- 2 tablespoons extra-virgin olive oil
- 1/2 small white onion, diced
- 3 cloves garlic, minced
- 1/2 cup dry white wine
- 2 cups crushed canned tomatoes
- 1 teaspoon chile flakes
- 1/3 pound flounder fillets, cut into 2-inch pieces
- 1/3 pound raw medium shrimp, peeled, deveined
- 2 tablespoons capers, drained
- Kosher salt and freshly ground black pepper
- 12 ounces linguine pasta
- 1/4 cup grated Parmesan, for serving, optional
Heat the oil in a large skillet over medium heat. Add the onions and cook until translucent, about 3 minutes. Add the garlic and cook until fragrant, about 1 minute. Add the wine. Increase the heat to high and boil the wine until almost evaporated, about 3 minutes. Add the tomatoes and chile flakes and bring the sauce to a boil. Cook, about 10 minutes. Add the flounder, shrimp and capers. Sprinkle with salt and pepper. Simmer the mixture until the flounder and shrimp are almost cooked through, about 1 1/2 minutes.

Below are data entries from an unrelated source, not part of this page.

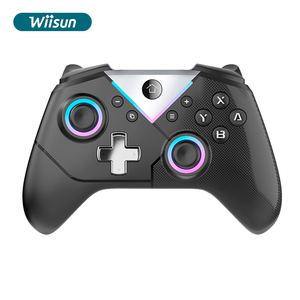 S 617 Joystick <strong>Custom</strong> Trigger Vibration Universal Wireless Gaming <strong>Controller</strong> Wireless Bt Gamepad for Nintendo Switch/Ios/PC - Product Image 1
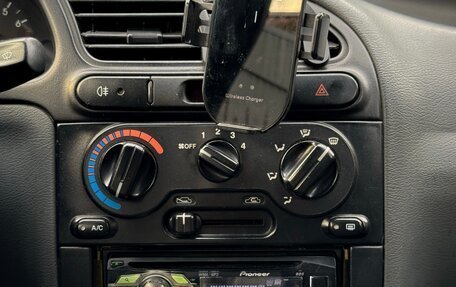 Chevrolet Lanos I, 2008 год, 200 000 рублей, 10 фотография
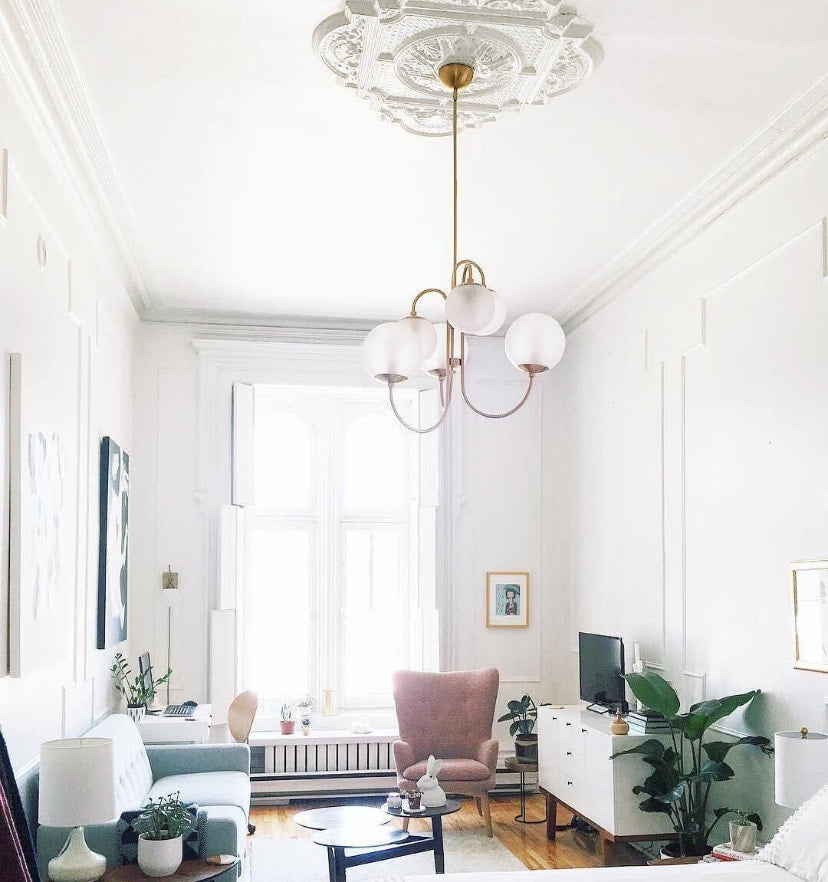 Gooseneck Chandelier - Yiarolight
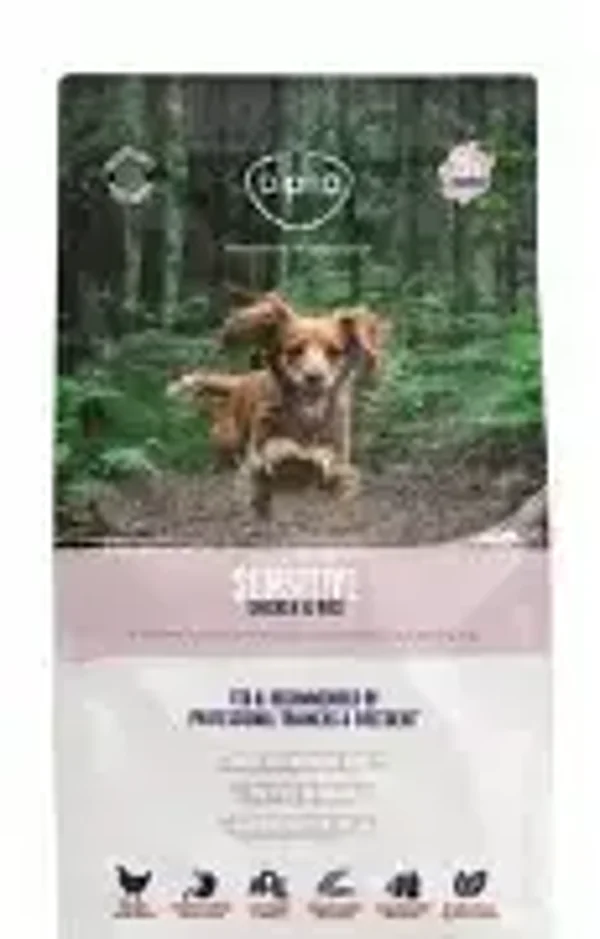 Alpha Sensitive Chicken & Potato 3KG (C-AL21)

Meanwhile, boil a pot of salted water. Cook the pasta until tender but still firm to bite, about 8 minutes.
Ladle out 1/4 cup pasta cooking water and reserve. Drain the pasta. Add the pasta and reserved water to the skillet and toss gently. Cook on low, about 2 minutes. Sprinkle with salt and pepper. Transfer the pasta to a bowl and serve with the Parmesan if desired.